Given data >>
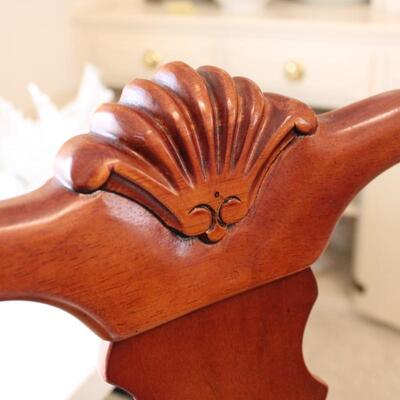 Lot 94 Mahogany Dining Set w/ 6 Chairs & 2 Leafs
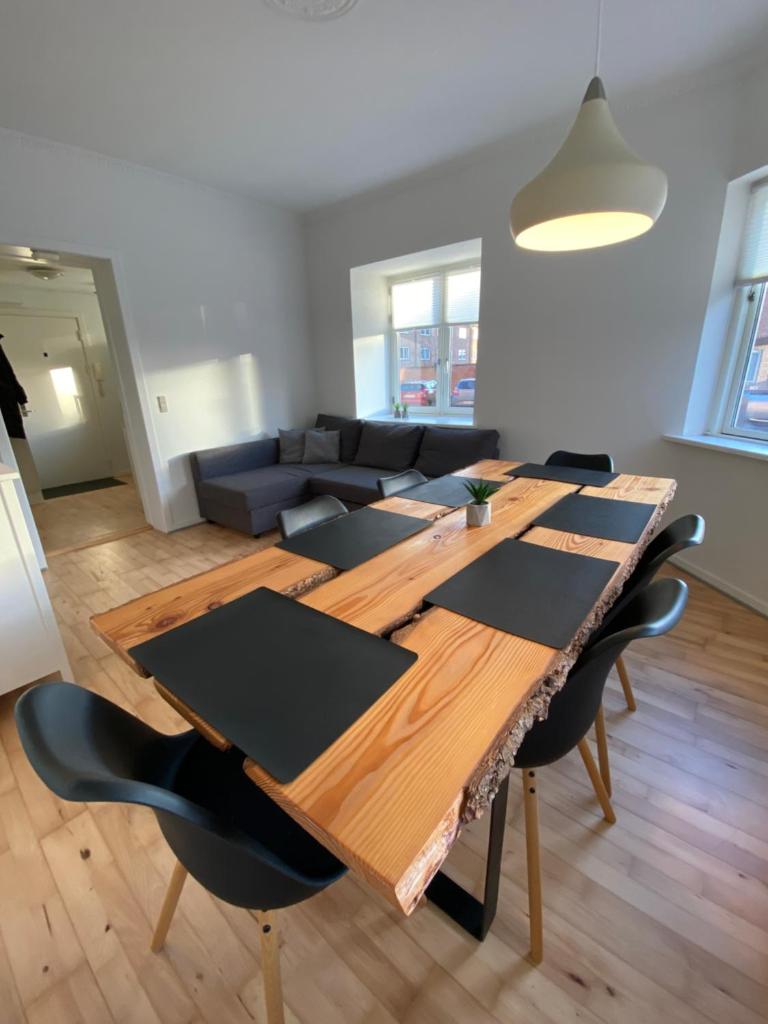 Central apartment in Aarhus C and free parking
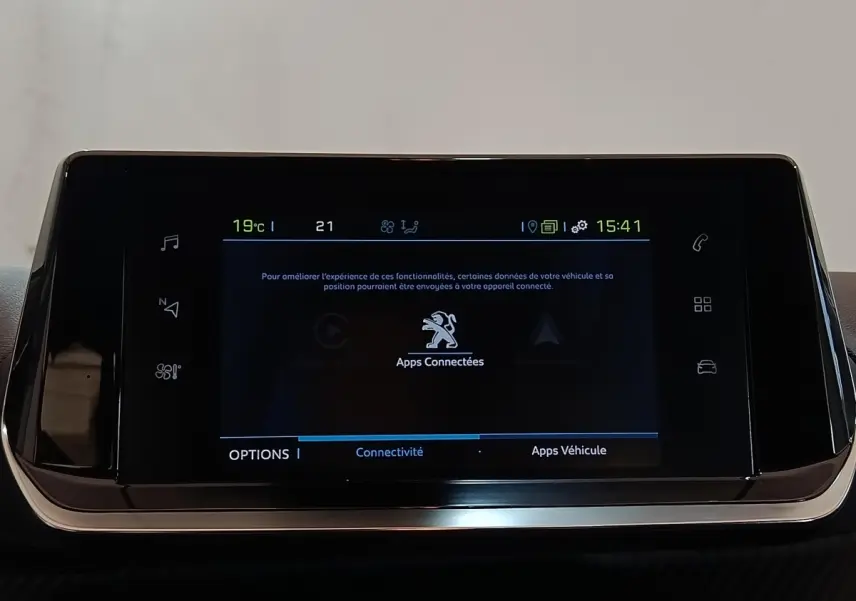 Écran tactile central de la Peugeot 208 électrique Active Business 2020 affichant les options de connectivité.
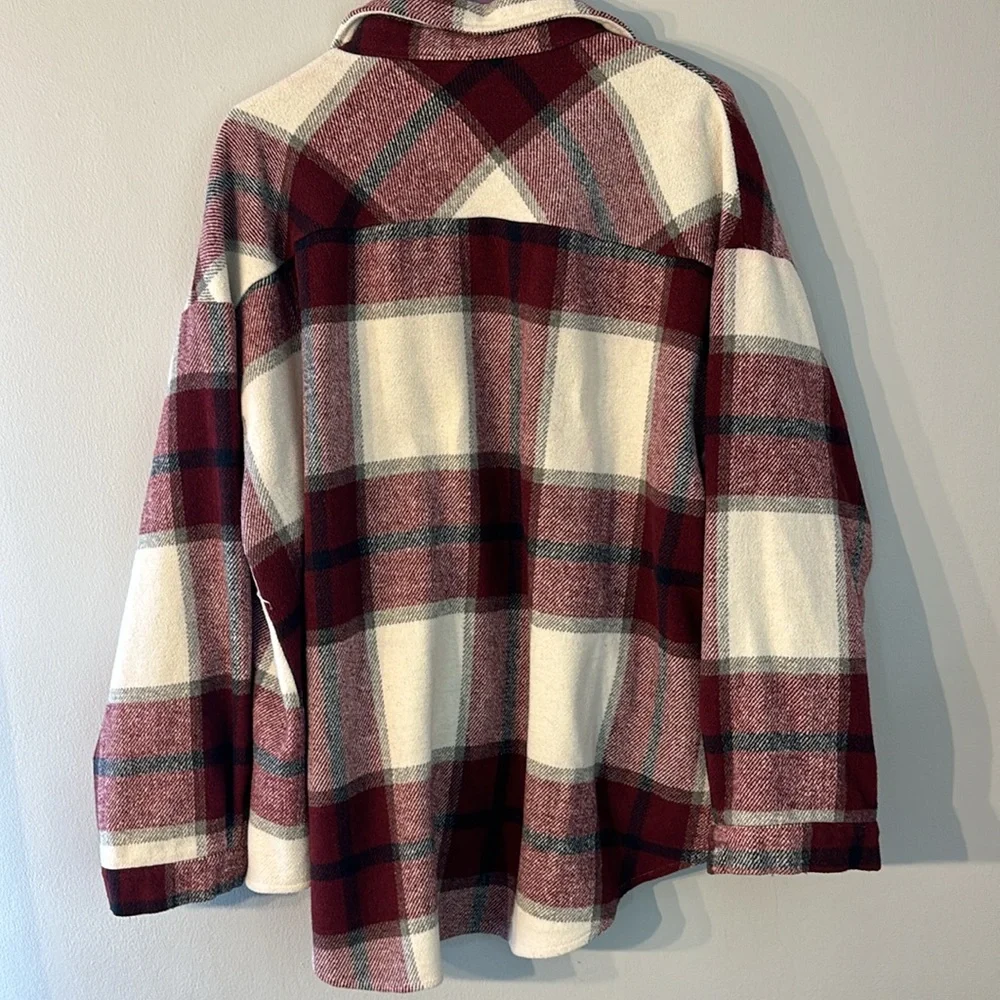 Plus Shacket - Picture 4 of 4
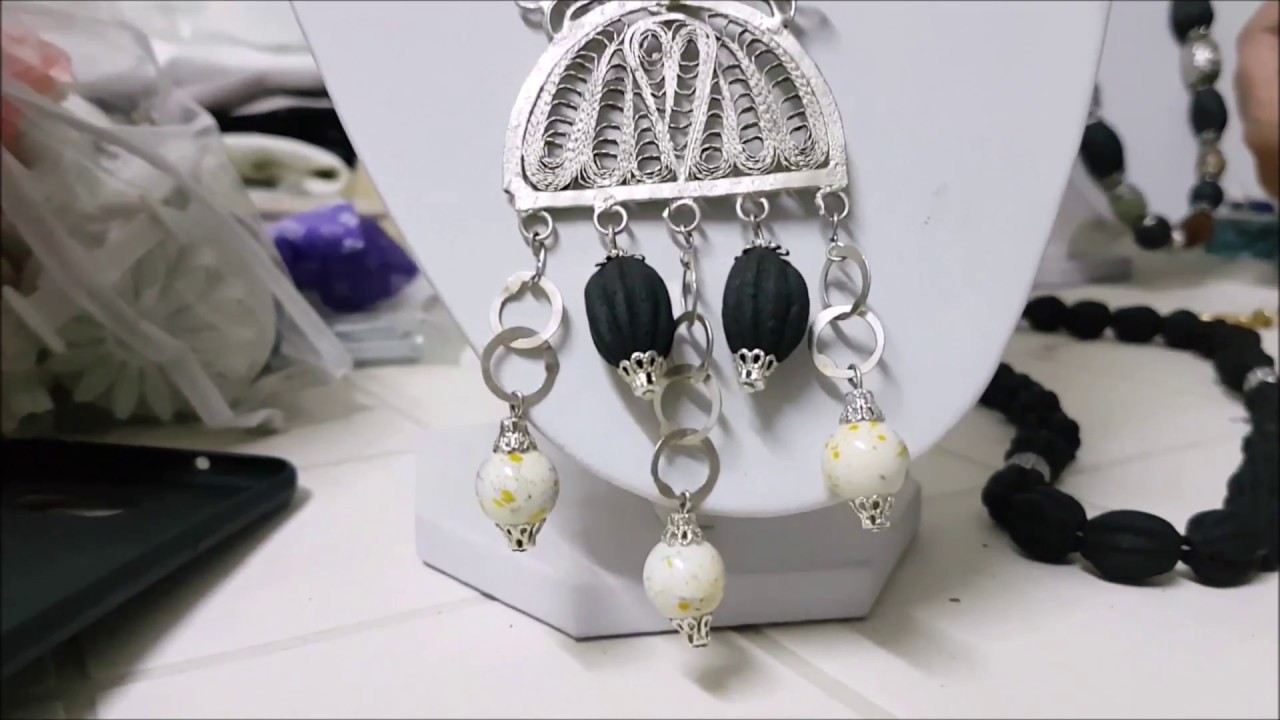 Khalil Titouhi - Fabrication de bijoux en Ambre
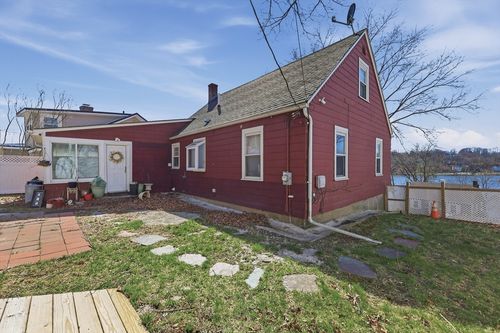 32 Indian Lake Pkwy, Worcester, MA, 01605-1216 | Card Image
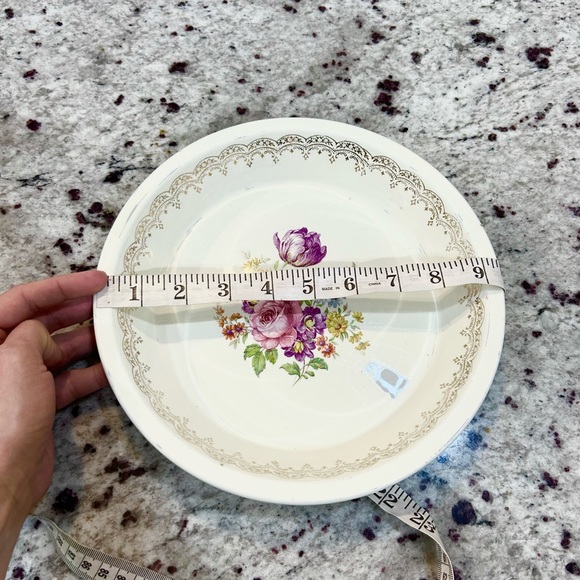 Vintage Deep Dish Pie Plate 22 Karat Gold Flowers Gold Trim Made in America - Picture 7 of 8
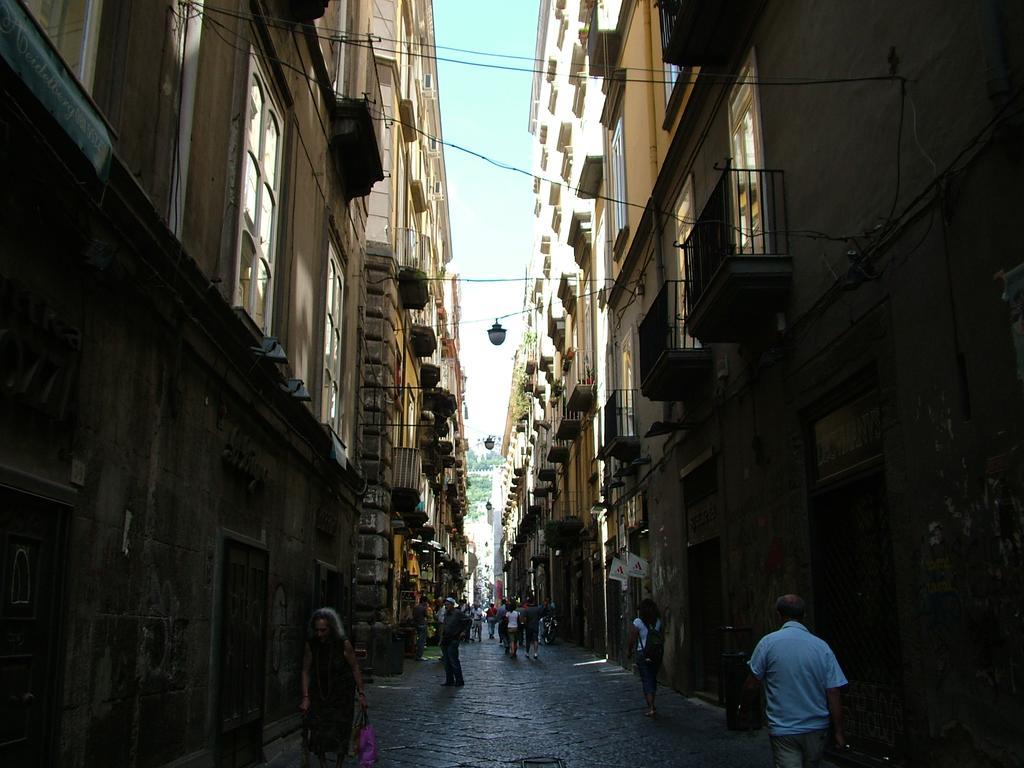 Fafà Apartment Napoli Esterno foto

Exercise objective >> All that should be returned is the run of lines from the start of the entries above to the line bearing "Plus Shacket - Picture 4 of 4", each exact, with pictures omitted.

Reply >>
 Lot 94 Mahogany Dining Set w/ 6 Chairs & 2 Leafs
 Central apartment in Aarhus C and free parking
 Écran tactile central de la Peugeot 208 électrique Active Business 2020 affichant les options de connectivité.
 Plus Shacket - Picture 4 of 4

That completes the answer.